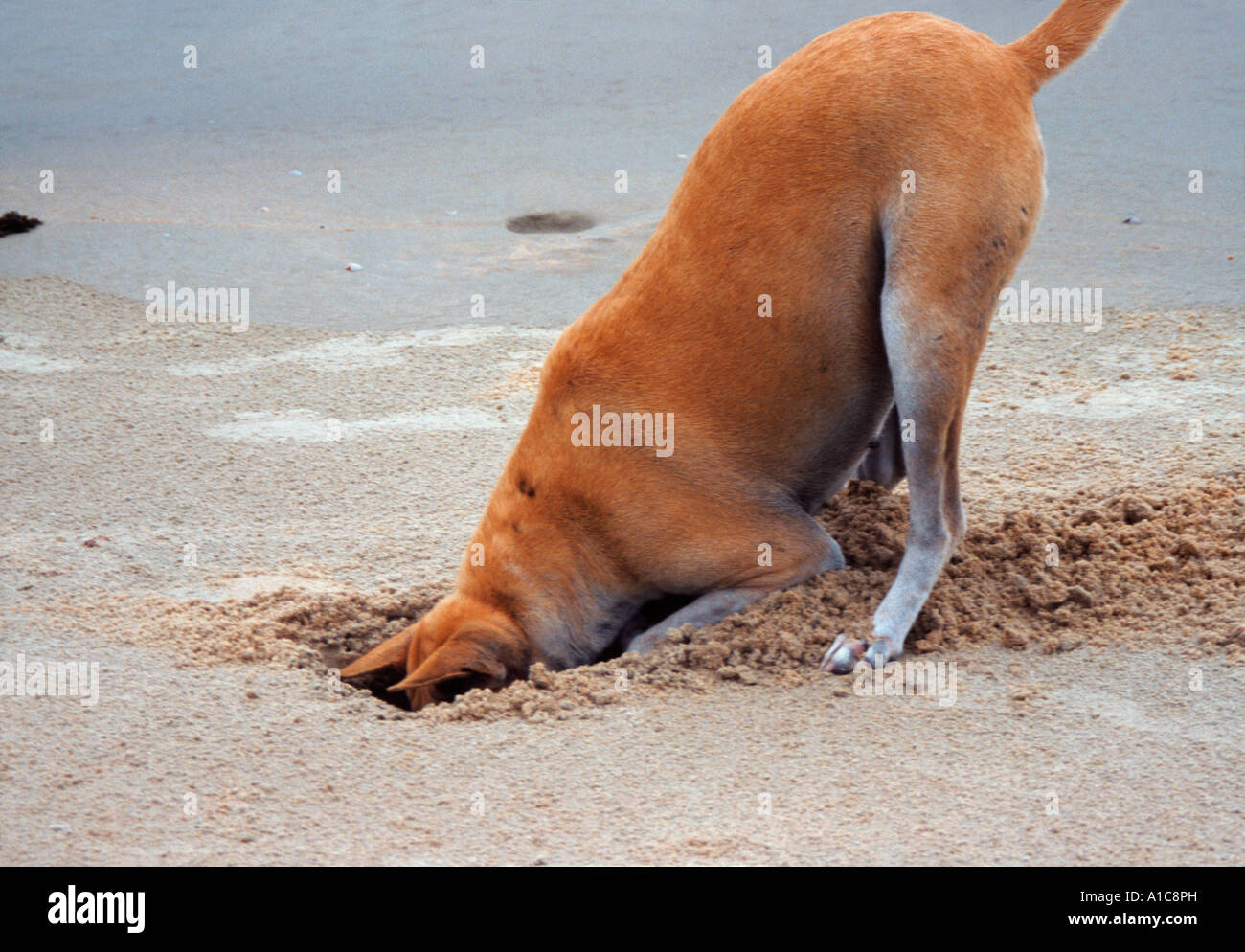 Dog with head in the sand. The beaches in Goa are happy crab hunting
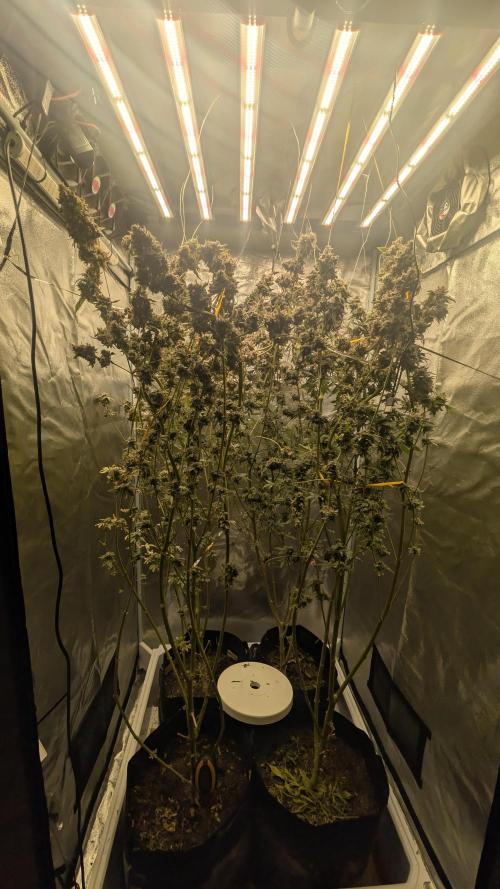 SmartGrow2025. Week 18 - Fotos vor der Ernte, aber noch nicht trocken.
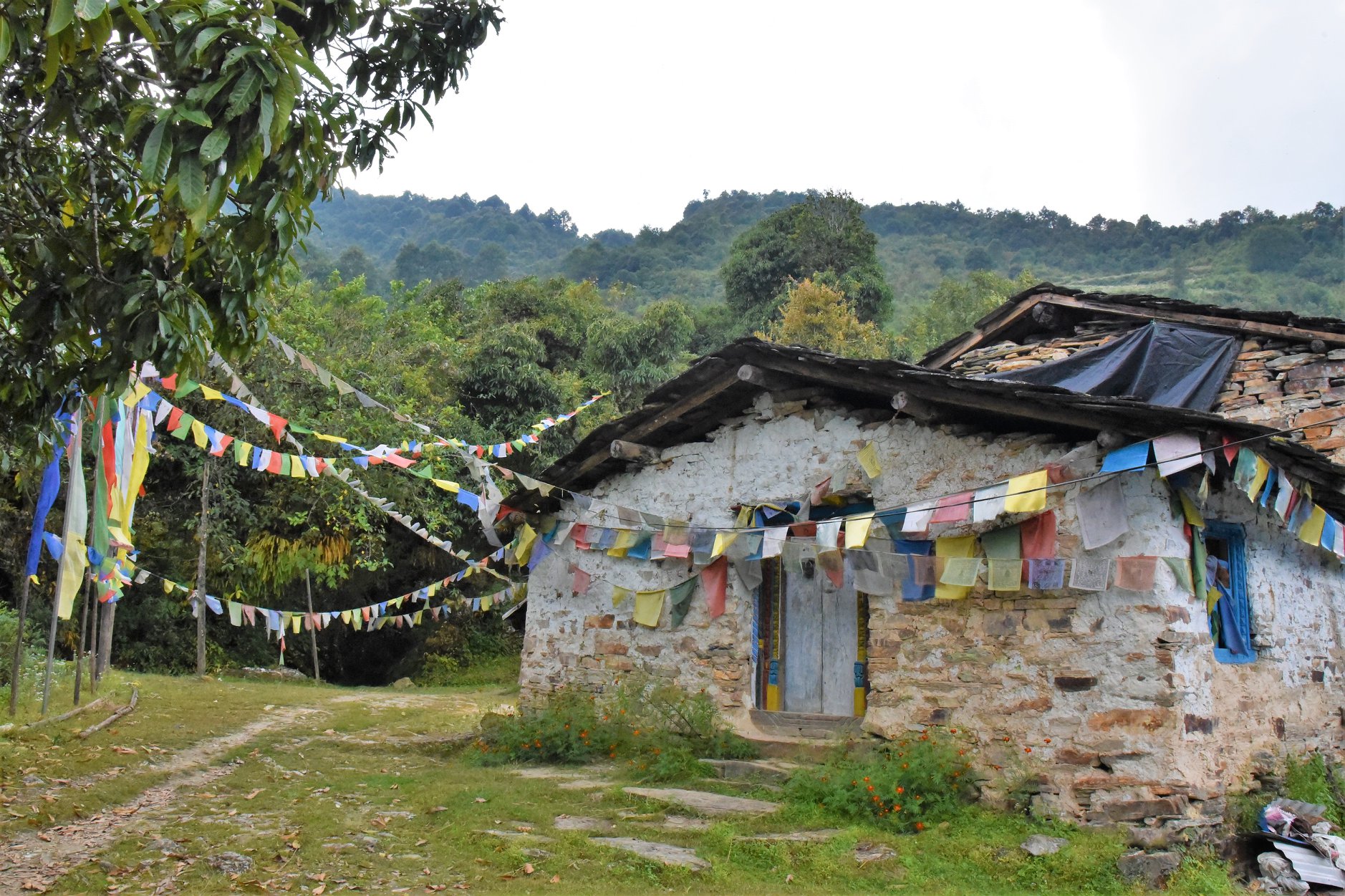 44876446_10104629504198449_125678164784447488_o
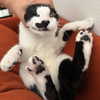 okokveronica.co Altpins Profile Picture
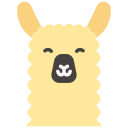 alpaca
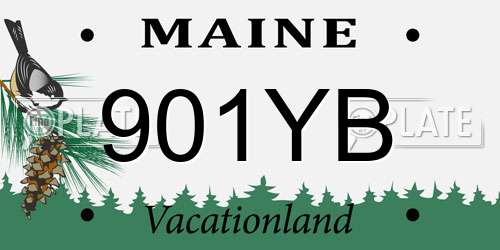 901YB Maine License Plate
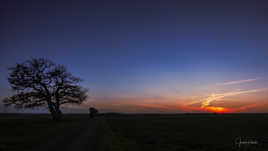 Sunset sur le vieux chêne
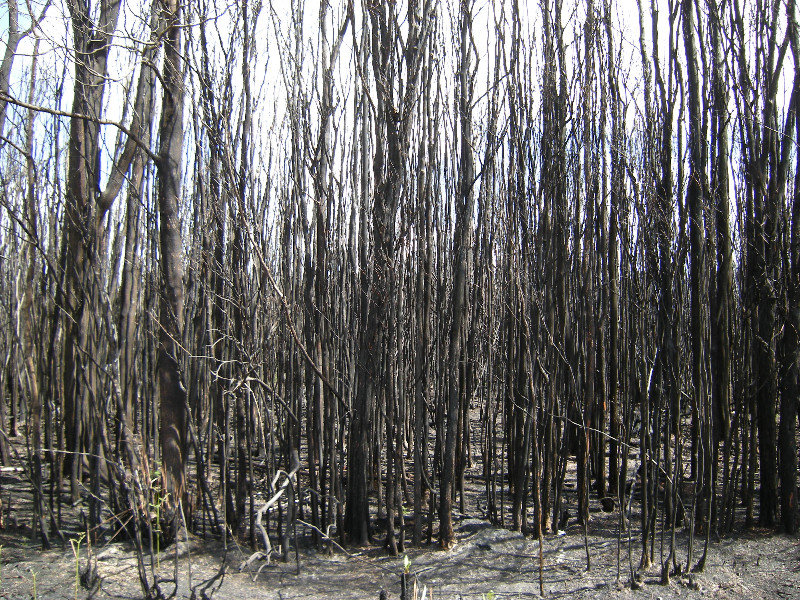 17.  Forests Destroyed by the Wildfires Before Christmas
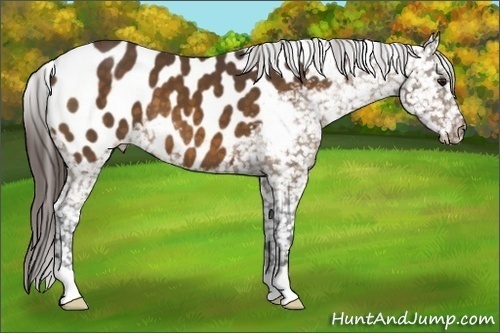 Horse Color: Buckskin Near Leopard 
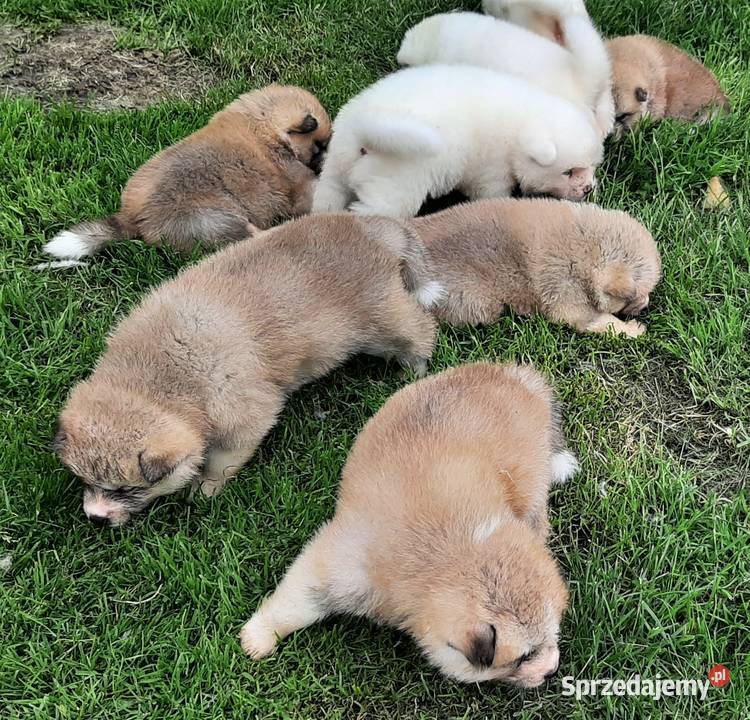 Akita Inu gotowe do zmiany domu Kock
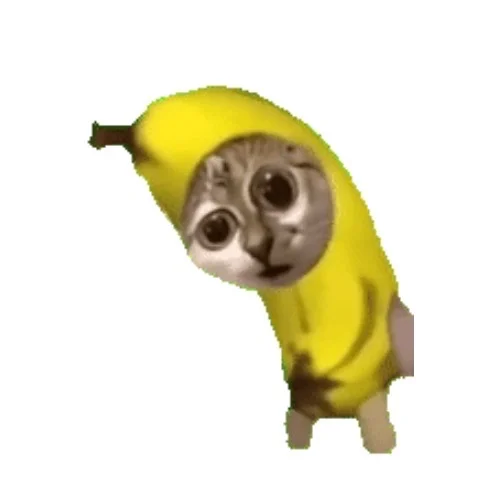 哈哈哈哈这才是大学生爱用的动态表情包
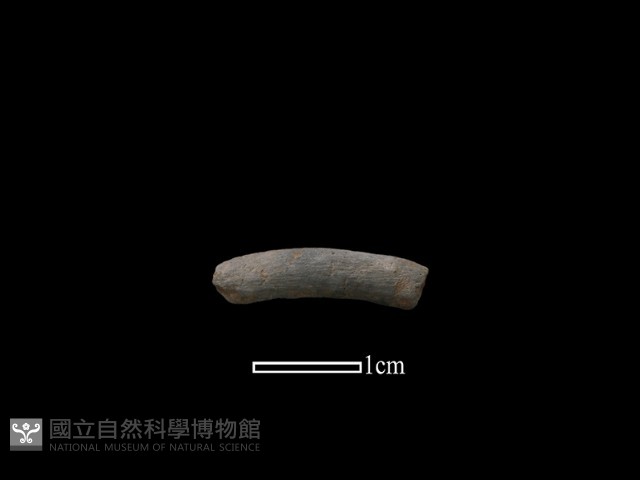 陶環藏品圖，第1張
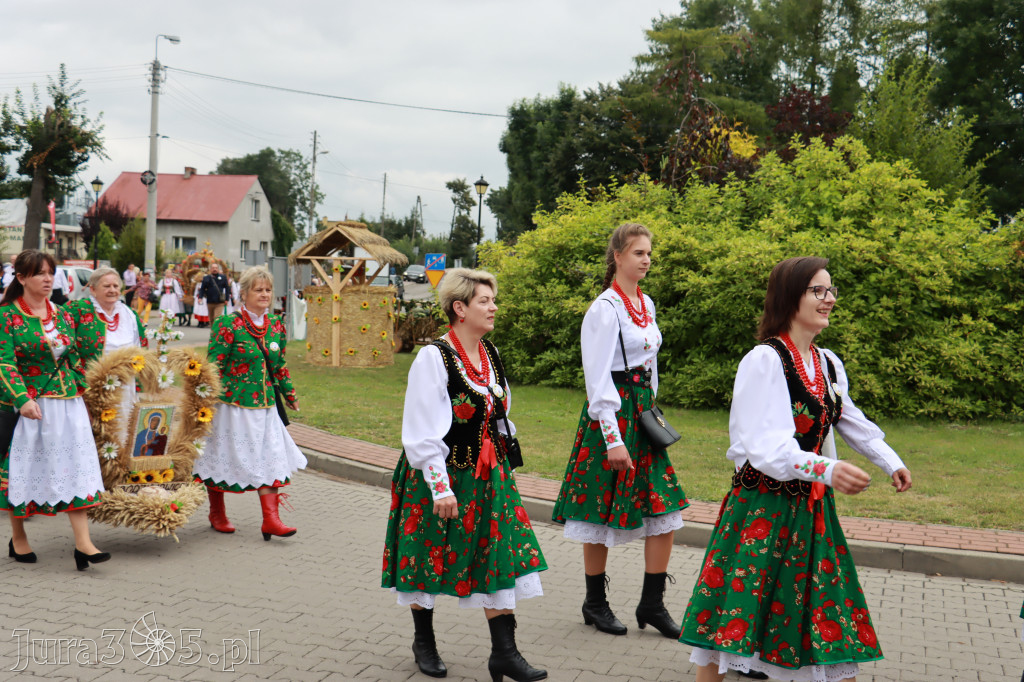 Święto Porzeczki oraz Święto Plonów w Irządzach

____

## [EXERCISE DETAILS]
Once the pictures are set aside, retype the rest of the listing exactly.

## [EXERCISE SOLUTION]
 Dog with head in the sand. The beaches in Goa are happy crab hunting
 SmartGrow2025. Week 18 - Fotos vor der Ernte, aber noch nicht trocken.
 44876446_10104629504198449_125678164784447488_o
 okokveronica.co Altpins Profile Picture
 alpaca
 901YB Maine License Plate
 Sunset sur le vieux chêne
 17.  Forests Destroyed by the Wildfires Before Christmas
 Horse Color: Buckskin Near Leopard 
 Akita Inu gotowe do zmiany domu Kock
 哈哈哈哈这才是大学生爱用的动态表情包
 陶環藏品圖，第1張
 Święto Porzeczki oraz Święto Plonów w Irządzach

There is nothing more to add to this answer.